EXERCISE DIRECTIONS: Please repeat only the lines below starting at the line that holds "Attitude Changes Everything" and ending at the line that holds "A stylish table", exactly, with both of those lines included and every picture omitted.

MATERIAL SHOWN:
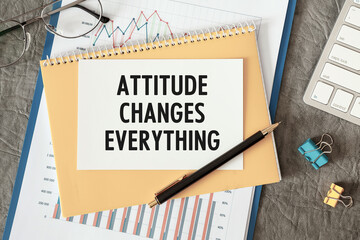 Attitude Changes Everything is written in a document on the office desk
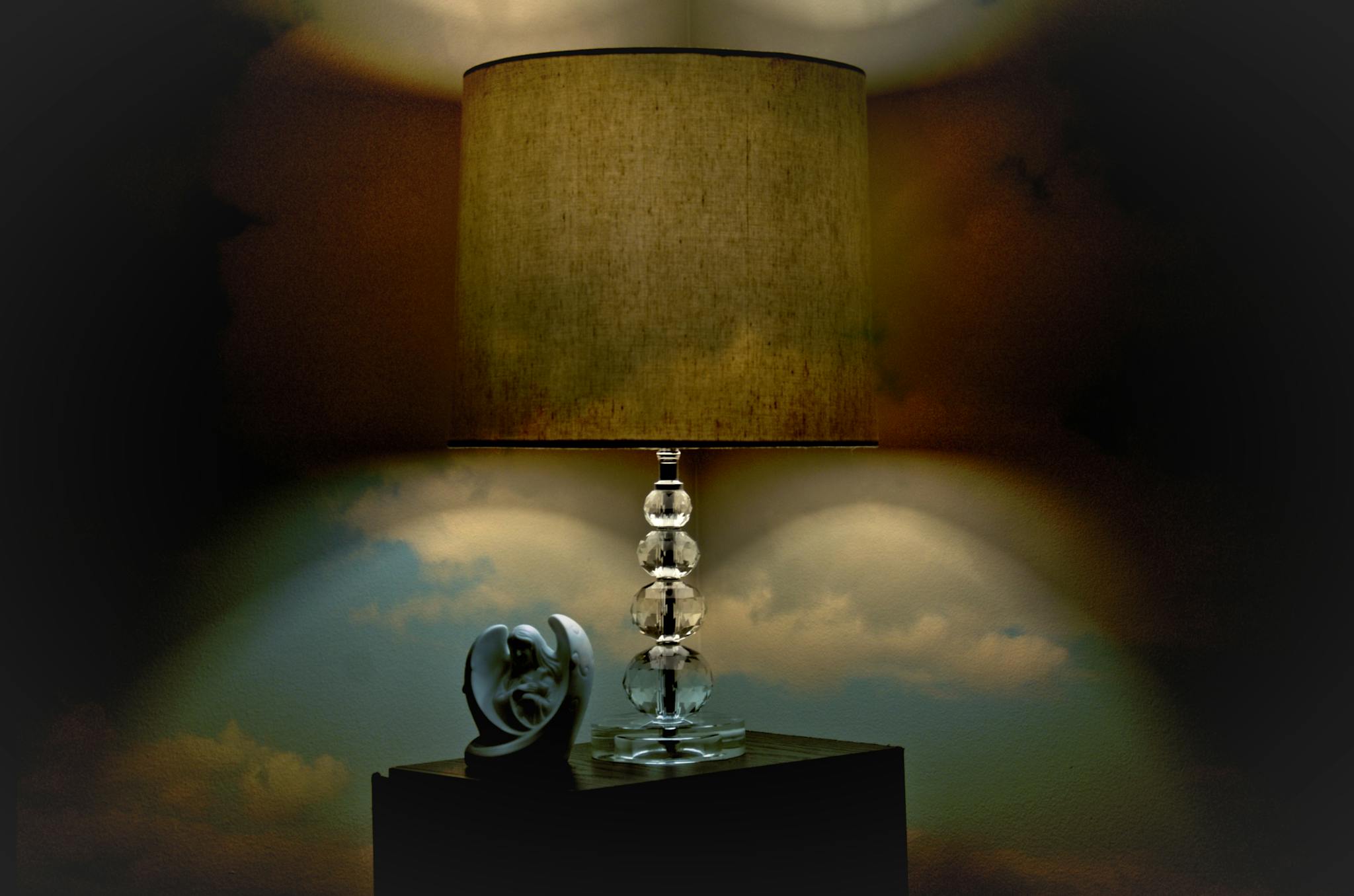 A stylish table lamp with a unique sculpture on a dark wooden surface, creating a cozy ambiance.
...
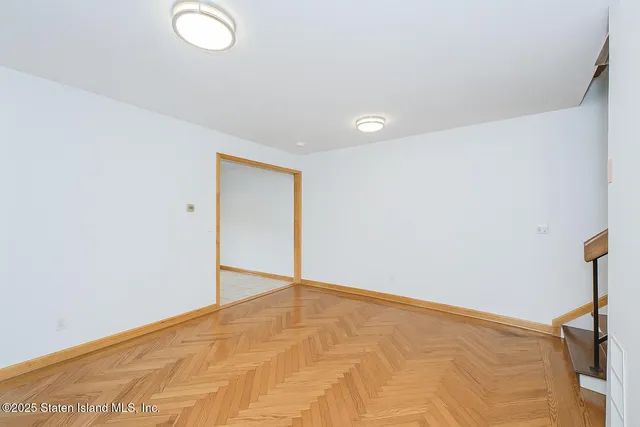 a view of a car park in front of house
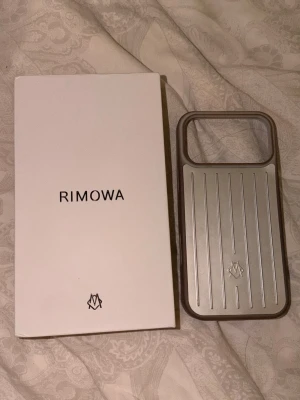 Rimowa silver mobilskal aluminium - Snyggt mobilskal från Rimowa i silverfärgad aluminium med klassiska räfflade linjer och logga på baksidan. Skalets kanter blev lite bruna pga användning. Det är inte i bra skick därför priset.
---
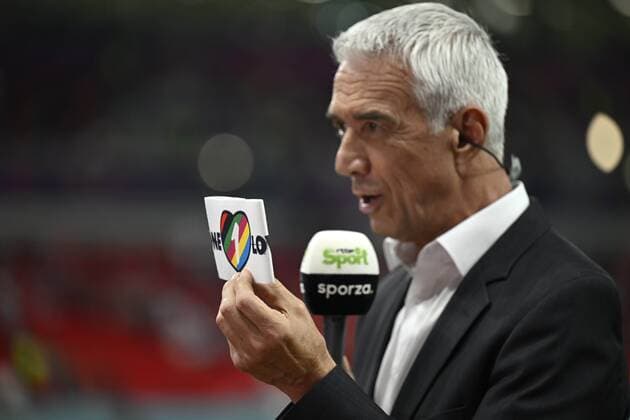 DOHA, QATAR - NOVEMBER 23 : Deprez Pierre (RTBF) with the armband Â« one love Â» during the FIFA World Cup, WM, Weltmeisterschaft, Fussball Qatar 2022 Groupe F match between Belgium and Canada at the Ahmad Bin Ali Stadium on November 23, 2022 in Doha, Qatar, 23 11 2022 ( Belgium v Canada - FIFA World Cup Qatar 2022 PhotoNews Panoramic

ANSWER SECTION:
 Attitude Changes Everything is written in a document on the office desk
 A stylish table lamp with a unique sculpture on a dark wooden surface, creating a cozy ambiance.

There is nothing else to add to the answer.